Inspired by Jonathon Harvey's Mortuos Plango, Vivos Voco, this patch enables glisses from one set of partials to another. Spectral glissing can effect a sort of timbral "morphing," much like the bell and boy sounds in the Harvey piece.

This patch analyzes incoming audio or a soundfile for the first twenty partials present; it finds the first twenty peaks in the frequency domain. It then sets twenty oscillators to these frequencies and corresponding amplitudes, making the audio seem to "freeze." The frequencies and amplitudes can be saved to one of two banks for later recall.
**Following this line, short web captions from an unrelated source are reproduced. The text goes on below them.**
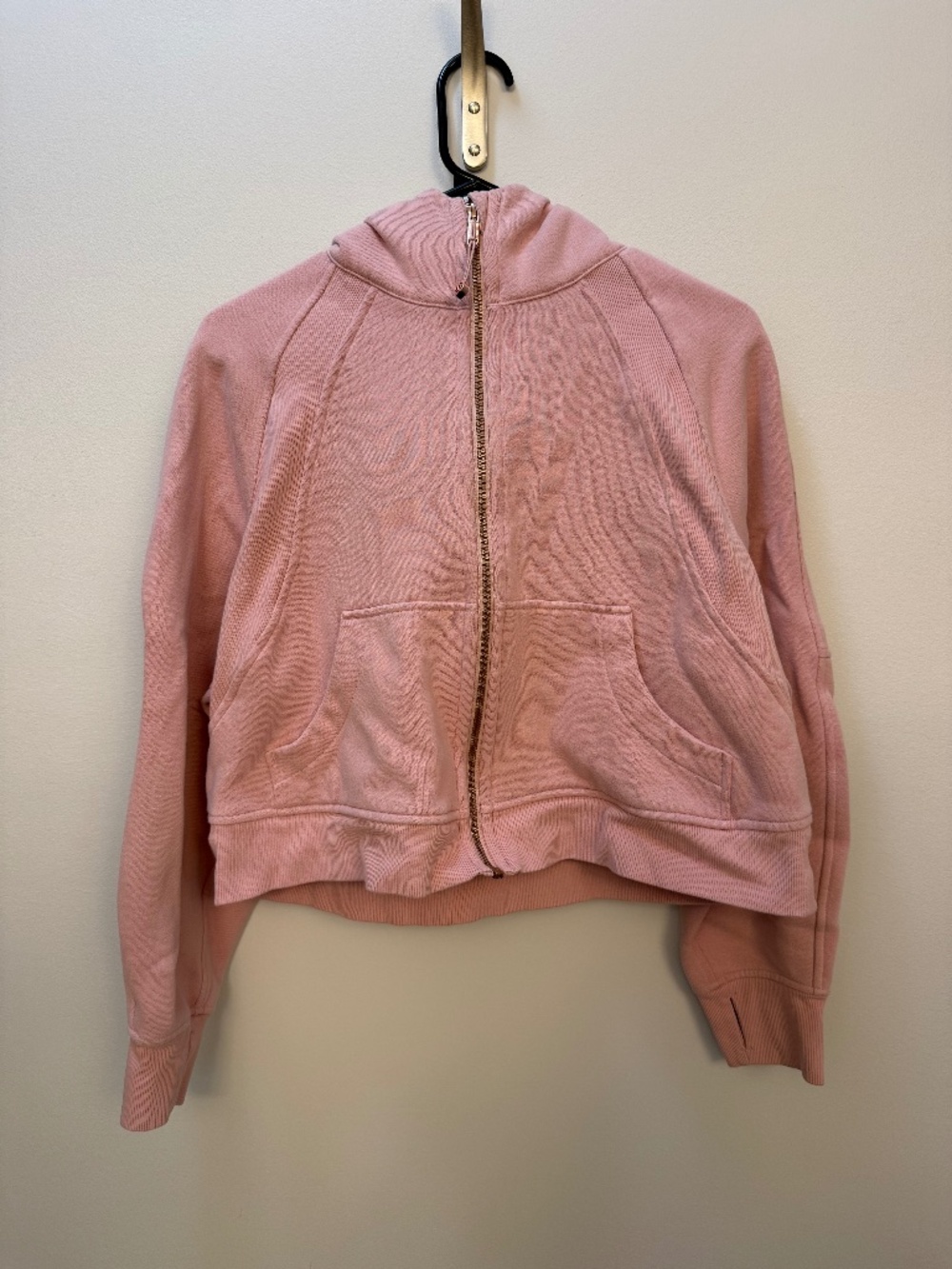 Lululemon Scuba Full Zip Hoodie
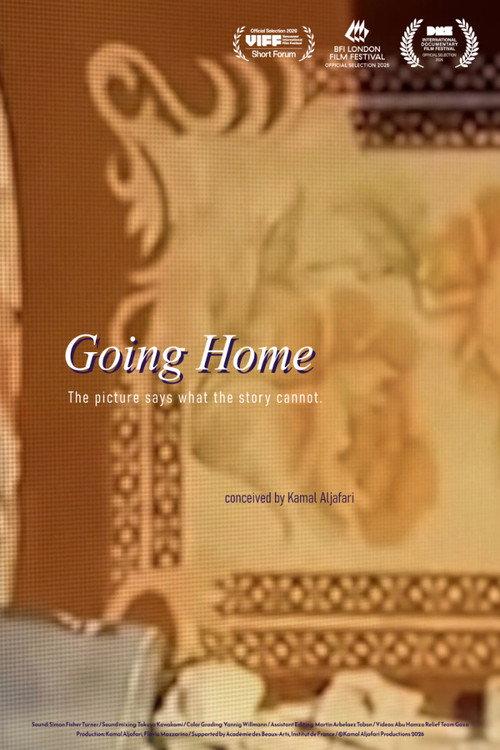 Going Home 2026 official movie poster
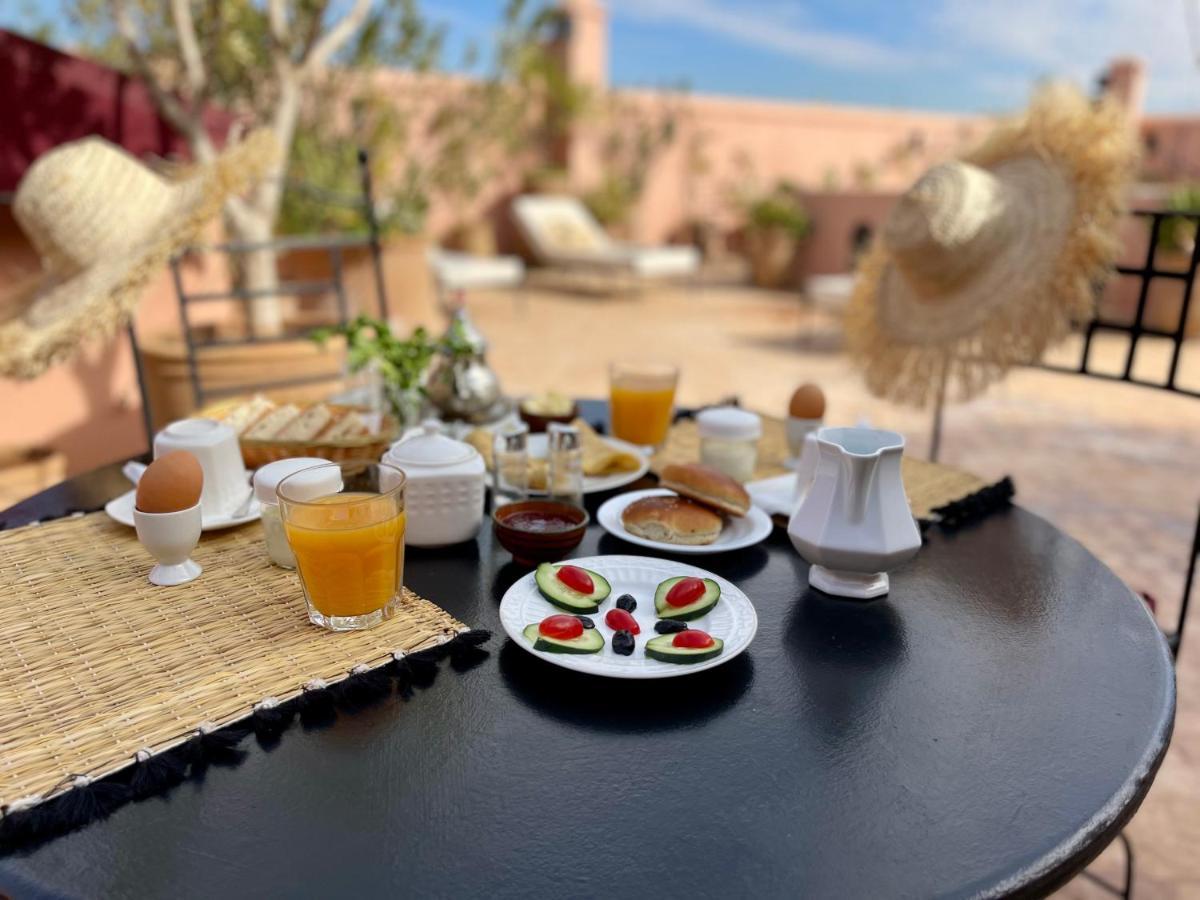Riad Dar Foundouk And Spa Marrakesh Exterior photo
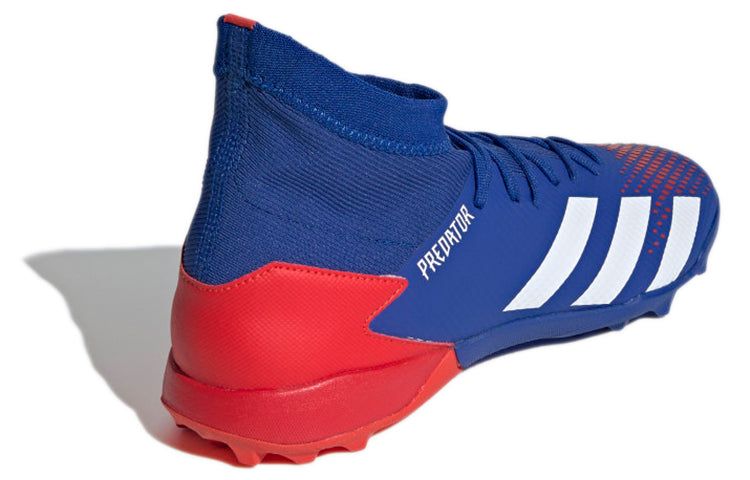 Adidas Predator 20.3 TF 'Royal Blue Active Red' EG0963 sold by KicksCrew product image thumbnail 4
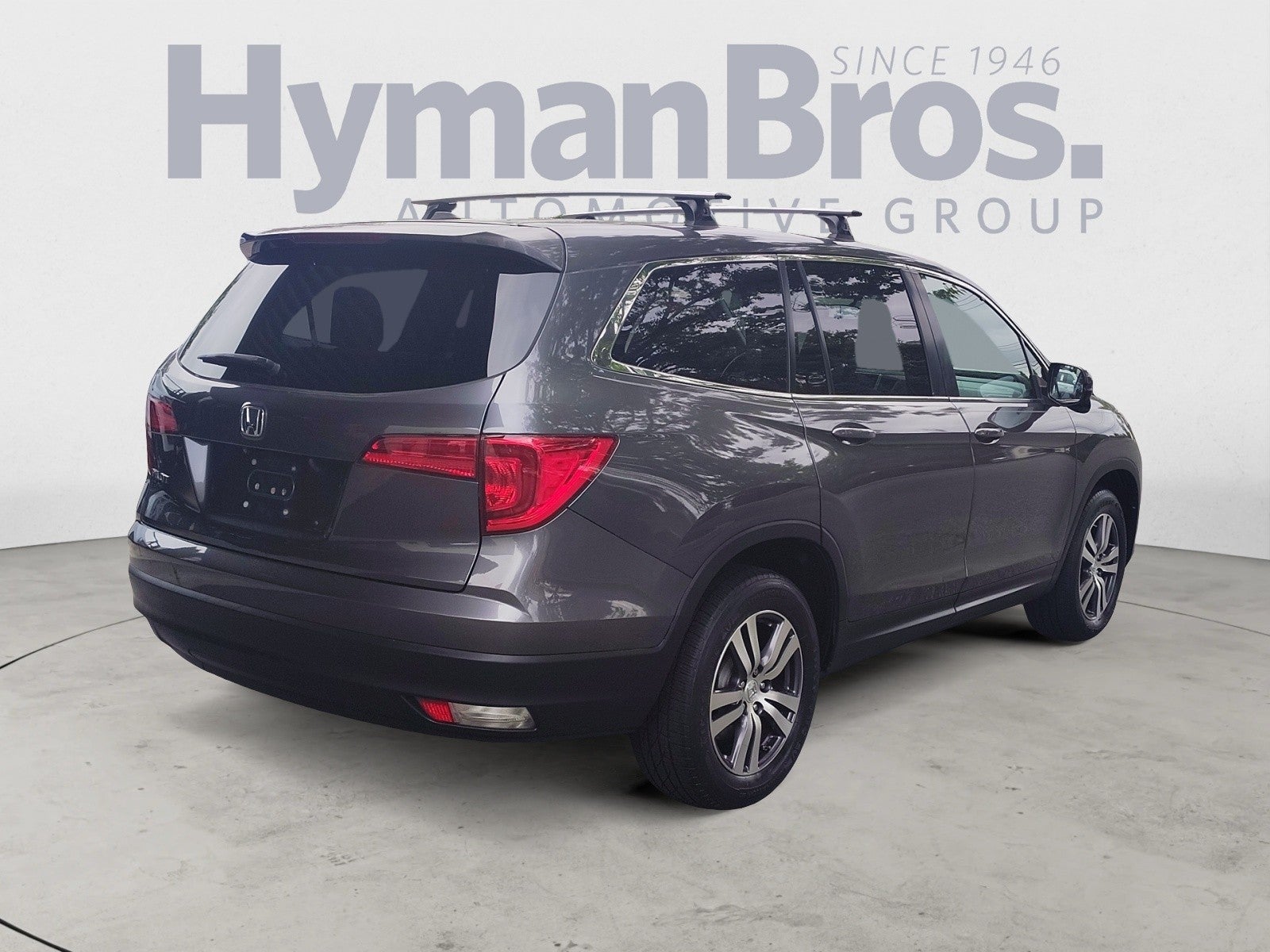 2017 Honda Pilot EX | Local One Owner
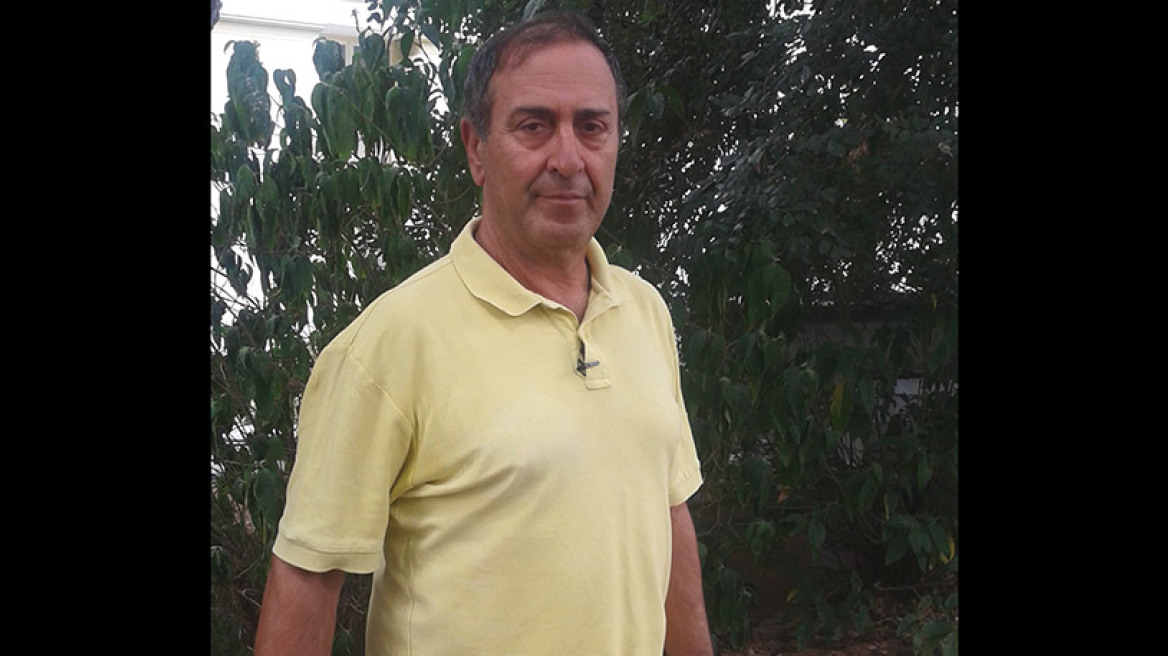 Η ζωή του διοικητή του νοσοκομείου Ελπίς, τρεις μήνες μετά το θάνατο του γιου του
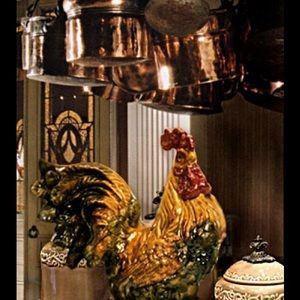 Meet your Posher, Dixie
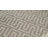Bradshaw Zipper Blue/Ivory Handwoven Cotton Rug-446477765
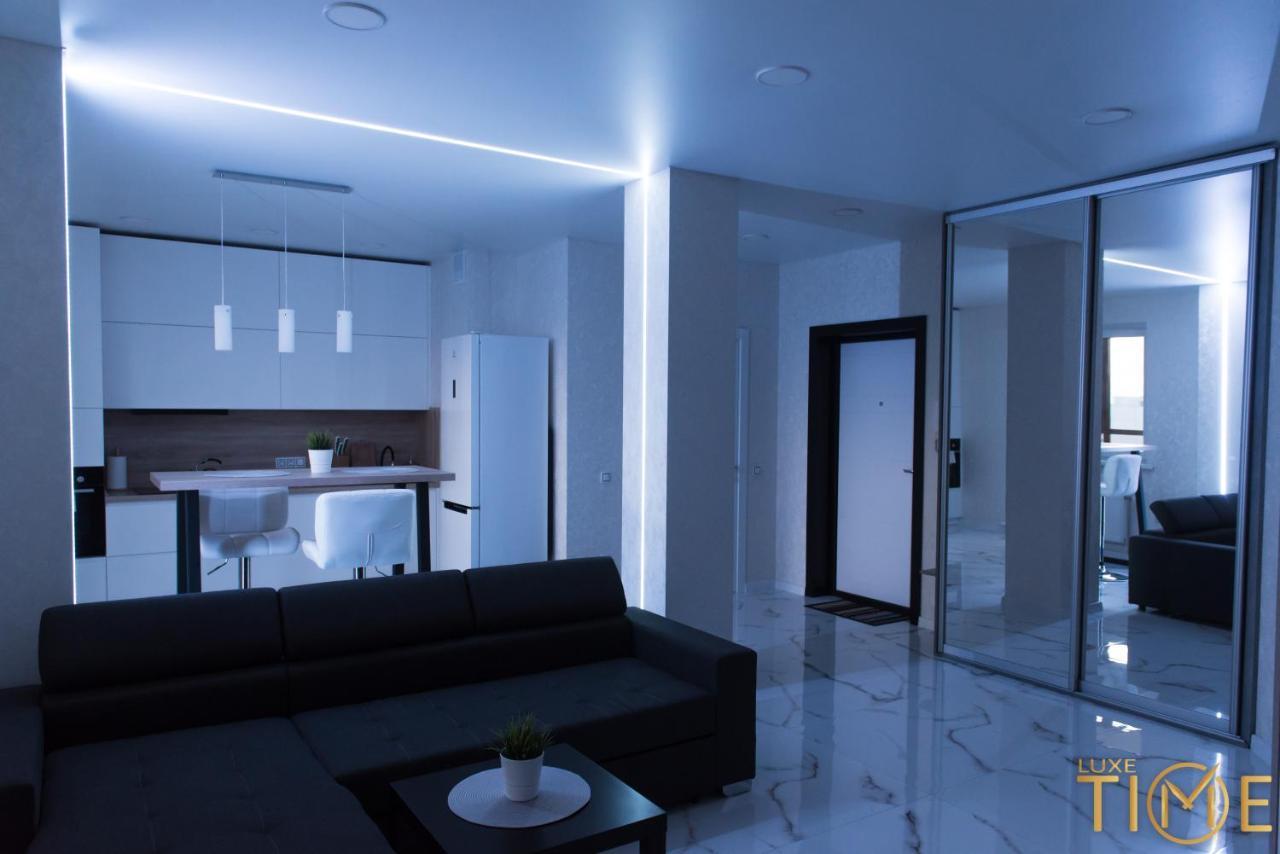 Bright Apartment 9Th Floor Lxt By Grodno Eksteriør bilde
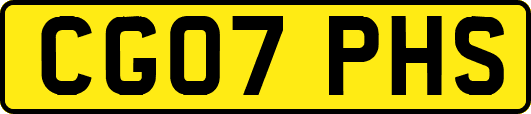 CG07PHS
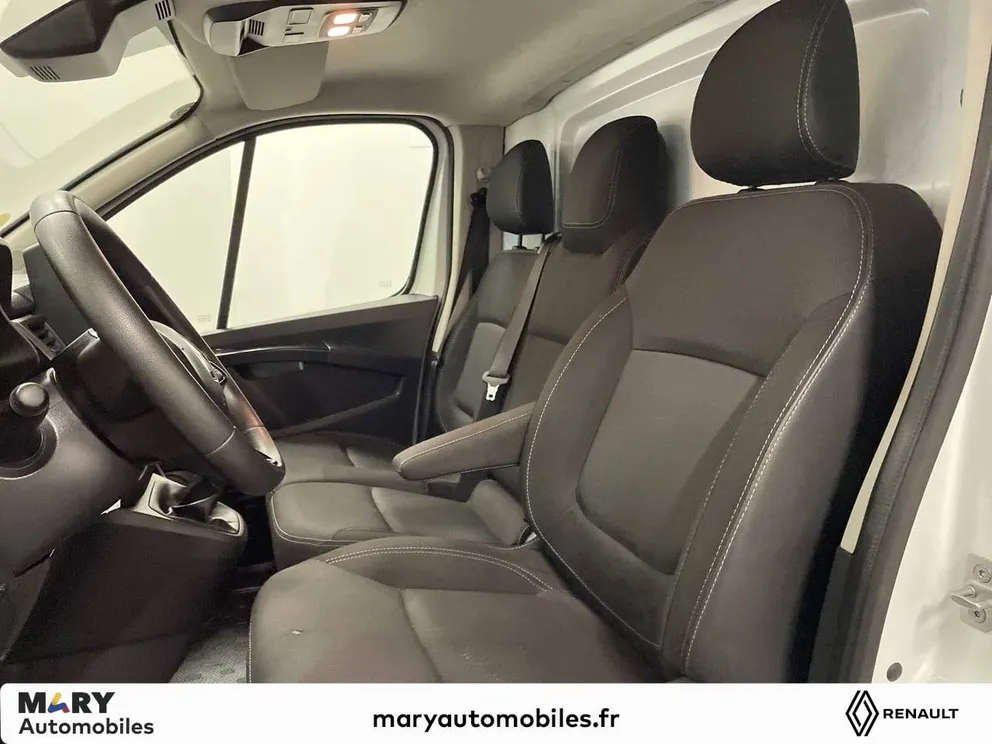 Véhicule occasion 201298 - renault TRAFIC - Photo 9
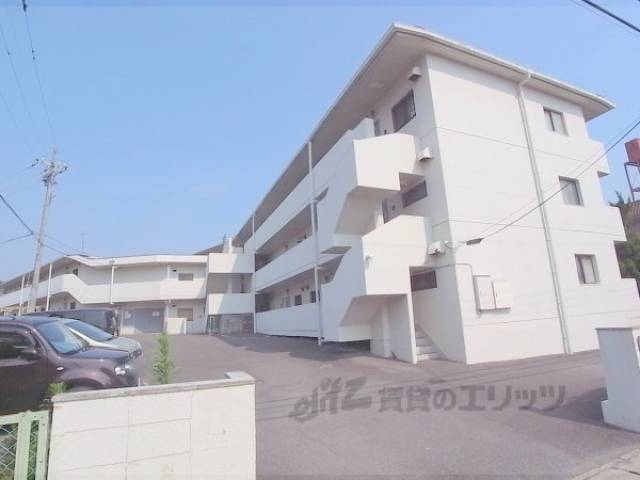 グランドール伏見外観写真1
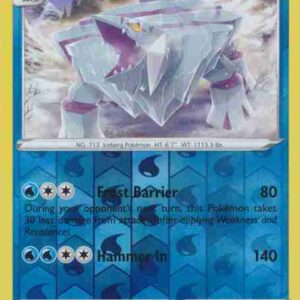 Evolving Skies - 045/203 - Avalugg Reverse Holo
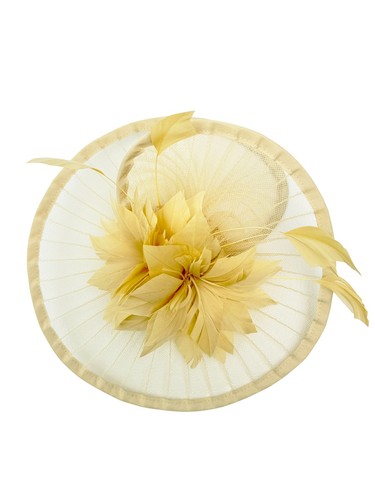 Spiral circular brim - circular,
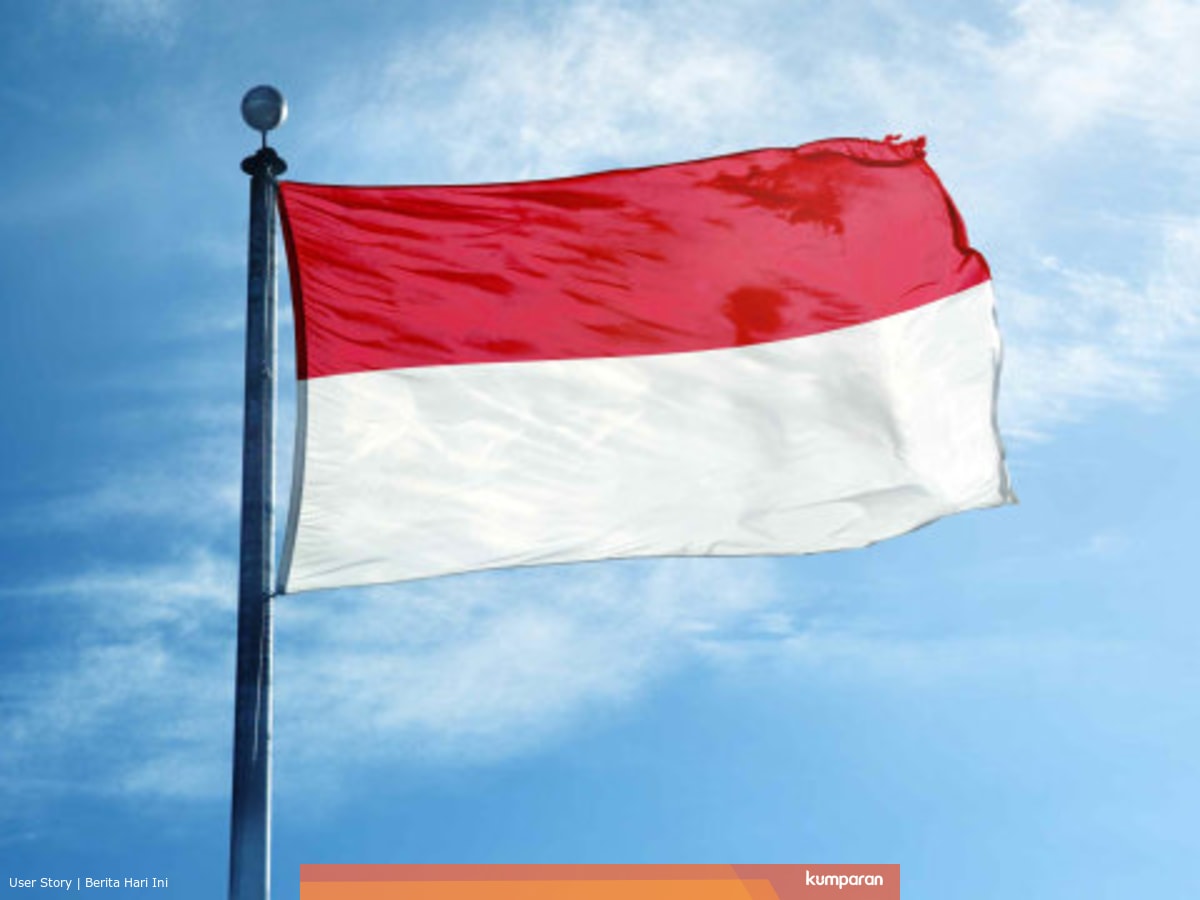 Sejarah Bendera Merah Putih Yang Dijahit Fatmawati Kumparan Com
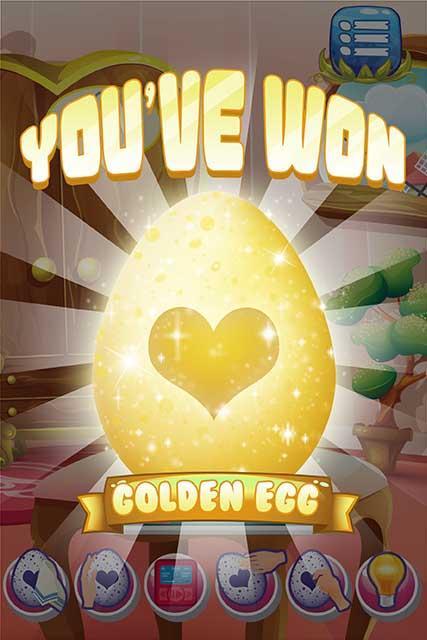 Hatchimal Surprise Eggs Game Screenshot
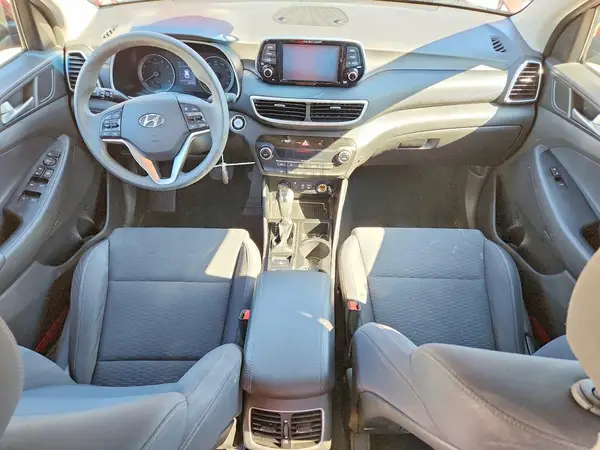 KM8J3CAL2KU847647 2019 HYUNDAI TUCSON - Image 8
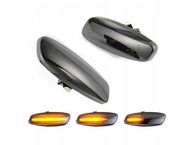 DYNAMICKÉ DYNAMICKÉ LED BLIKAČE CITROEN PEUGEOT DYNAMICKÉ DYNAMICKÉ LED BLIKAČE CITROEN PEUGEOT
The glissing function changes the oscillators from one set of partials to the other in the time specified.

The Patch

When the patch is opened, the soundfile "bell.aiff" is loaded into array5. The soundfile is set to loop, though you don't hear it until you set the amplitude of the loop in the upper-right corner:


You can choose the partial at which to start the range of partials recorded, set gliss time, start an analysis, and choose a single partial in four sections that act as controls for the recorded analysis.

By clicking "snapshot bang", you choose that point in the soundfile to analyze. If the oscillator amplitude is set (see the "Amplitudes" above), you will also hear the snapshot you've taken. You can take a snapshot without the loop-amp on.

The large boxes in the middle of the screen show the frequencies and their corresponding amplitudes of any saved snapshot. By clicking on "save1 bang" or "save2 bang" you will see the values change to reflect your current snapshot.

The frequencies

The amplitudes

Once two sets of partials have been analyzed and saved, they can be glissed in output from the part of the controls controlling gliss time.

Live input

A toggle switch allows you to switch between a live input or a soundfile.

The little section on the right allows you to make your own looping soundfile from a live source.

The Score

The score included with the patch simply steps through the simplest partial gliss from a live input. It is as follows:

0 0 comment --------------- STARTUP -----------------;
live-input 1;
0 1 comment --------------- EVENT 1 -------------------;
osc-amp 100;
snapshot bang;
0 2 comment --------------- EVENT 2 -------------------;
snapshot bang;
save1 bang;
0 3 comment --------------- EVENT 3 -------------------;
gliss 2000;
snapshot bang;
0 4 comment --------------- EVENT 4 -------------------;
recall1 bang;
0 5 comment --------------- EVENT 5 -------------------;
gliss 0;
snapshot bang;
At startup, this patch specifies that live-input will be used. At the first event, it turns the oscillators on by setting the amplitude at 100. The patch takes a snapshot of the incoming audio, which sets the oscillators to ring.

The next event takes another snapshot and saves it to the bank. At the third event after startup, Pd glisses from the first set of partials to the second.

The next event recalls the first set of partials. Event 5 changes partials instantaneously (glisses from one to the other in 0 ms).

The Mechanics

The sinusoidal analysis is done using Fast Fourier Transforms (FFTs). The fft patch is found in the "pd inputs" subpatch. The switches for soundfile versus live input are also found in "pd inputs."

In the fft subpatch, array3 and array4 display the frequency analysis done by the rfft~ object. These arrays are analyzed for peaks and sent to array1 and array2 by the pique object in "pd analysis" on the top page of the patch.

Array1 and array2 are displayed in "pd arrays." Their values feed the oscillator bank in "pd osc-bank" by going through "pd messpeak" and untangled in "pd unpacker."